> [WORK INSTRUCTIONS]
What must be handed in is the entire listing, exactly as written, with no pictures.

> [MATERIAL PROVIDED]
Content starts

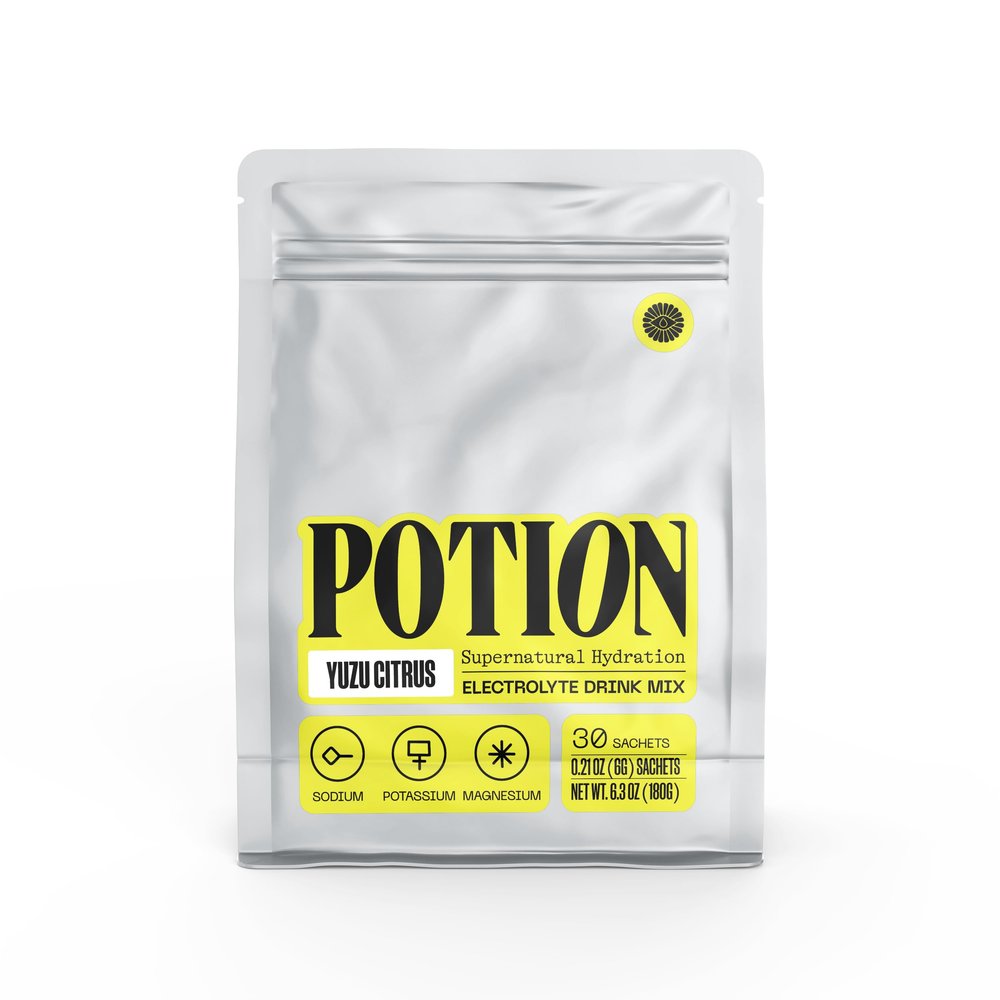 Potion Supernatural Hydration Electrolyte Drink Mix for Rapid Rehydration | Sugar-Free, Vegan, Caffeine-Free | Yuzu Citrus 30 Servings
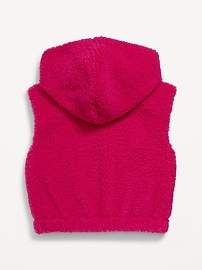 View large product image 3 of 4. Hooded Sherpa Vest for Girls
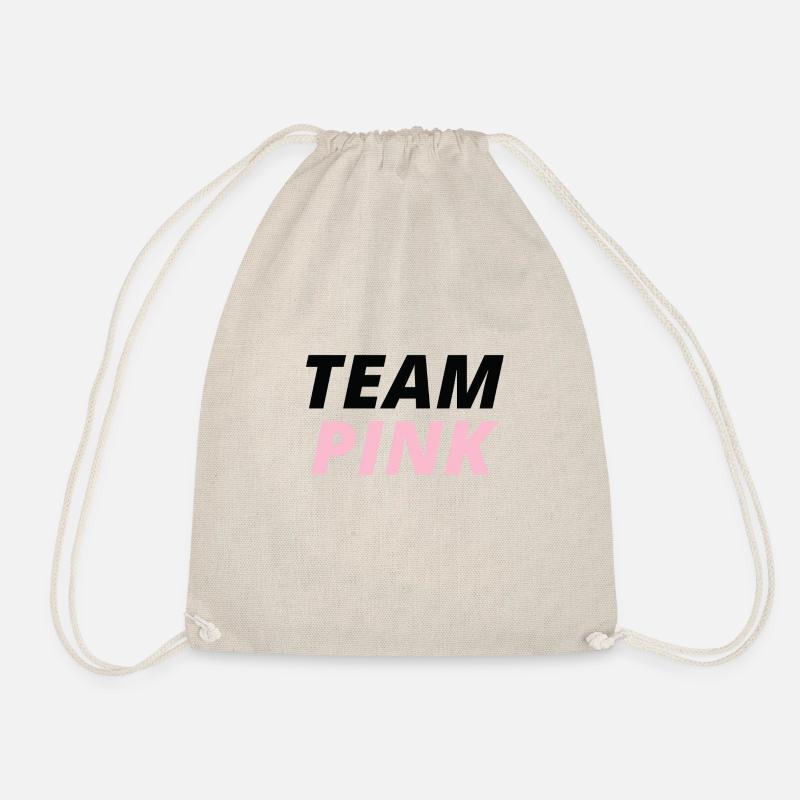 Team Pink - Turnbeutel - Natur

Content ends

> [EXERCISE ANSWER]
 Potion Supernatural Hydration Electrolyte Drink Mix for Rapid Rehydration | Sugar-Free, Vegan, Caffeine-Free | Yuzu Citrus 30 Servings
 View large product image 3 of 4. Hooded Sherpa Vest for Girls
 Team Pink - Turnbeutel - Natur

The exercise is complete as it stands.